In previous INSIGHTS I discussed Mental Models and their impact on decision-making. Organizations can examine mental models to determine if their decisions are fact based or the result of bias. Business analytics combines the use of data, information technology, statistical analysis, quantitative methods, and mathematical and computer-based models to help leaders gain improved insight about their business in order to make better, fact-based decisions.

There are three typical types of analytics; descriptive, predictive, and prescriptive. Descriptive analytics are the most common and are used to categorize, characterize, consolidate, and classify in order to convert data into useful information for the purposes of understanding and analyzing business performance. Examples include understanding the number and types of customer complaints resolved or providing productivity or quality comparisons.

Predictive analytics look at past performance in an effort to predict the likely future by examining historical data, detecting patterns or relationships in these data, and looking for trends. Predictive analytics can predict risk and find relationships in data not readily apparent with traditional analysis. Predictive analytics also helps to answer questions related to the impact today’s decisions may have on the future.

Finally, prescriptive analytics identifies the best alternatives using optimization techniques to minimize risk or maximize benefits related to a particular decision. Mathematical and statistical techniques of predictive analytics can also be combined with optimization to make decisions to address data uncertainty. While the tools used in descriptive, predictive, and prescriptive analytics are different, the most powerful applications involve all three.

You have likely been impacted by analytics if you shop at companies like Amazon or Starbucks, watch movies or other shows on Netflix, use Capital One or American Express credit cards, in addition to a wide variety of other purchases. In many cases companies can use analytics to help you’re your purchasing decisions easier and of course to generate higher revenues based on their predictions of your likes and dislikes.

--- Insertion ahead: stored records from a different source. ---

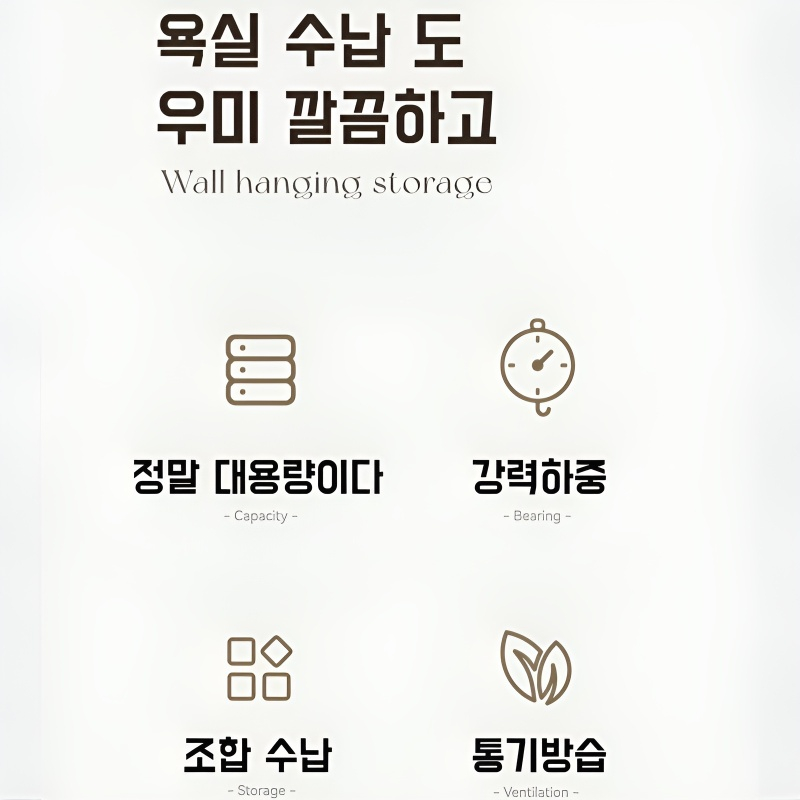 화장실 펀치프리 벽걸이 선반 벽수납 화장실 화장품 욕실 세면대 선반 화장대 수납선반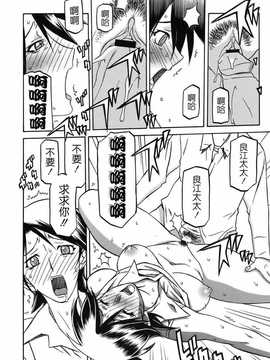 [Cxming26个人汉化][山文京伝] 欲望の在処… (コミックメガミルク Vol.01)_07_MEGAMILK_258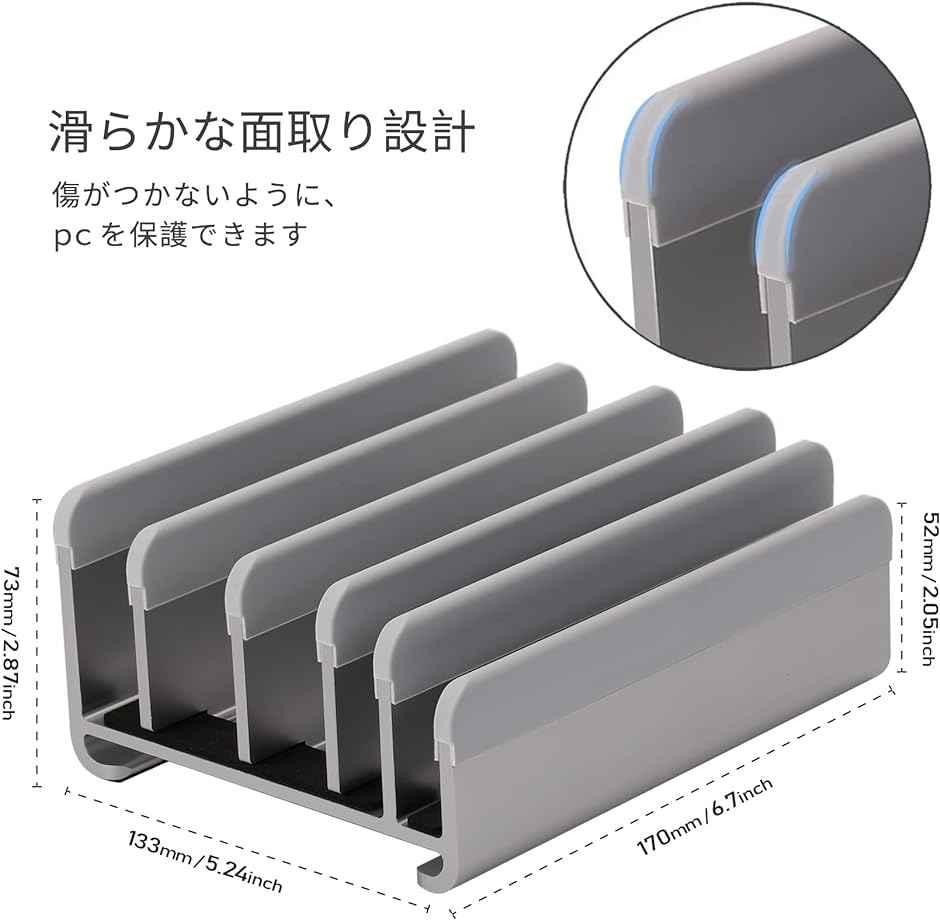 縦置き 最大5台 デバイス 収納 ノートパソコンスタンド 調節可能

While there are certainly privacy concerns, your organization is likely falling behind the competition if you are not utilizing analytics. Fortune 500 Companies, the Federal Government, and many others utilize analytics. Professional football, basketball, baseball, hockey and other sports are currently hiring analytics experts to support a variety of decisions, on and off the field of play. Isn’t it time your organization takes advantage of this now commonplace tool?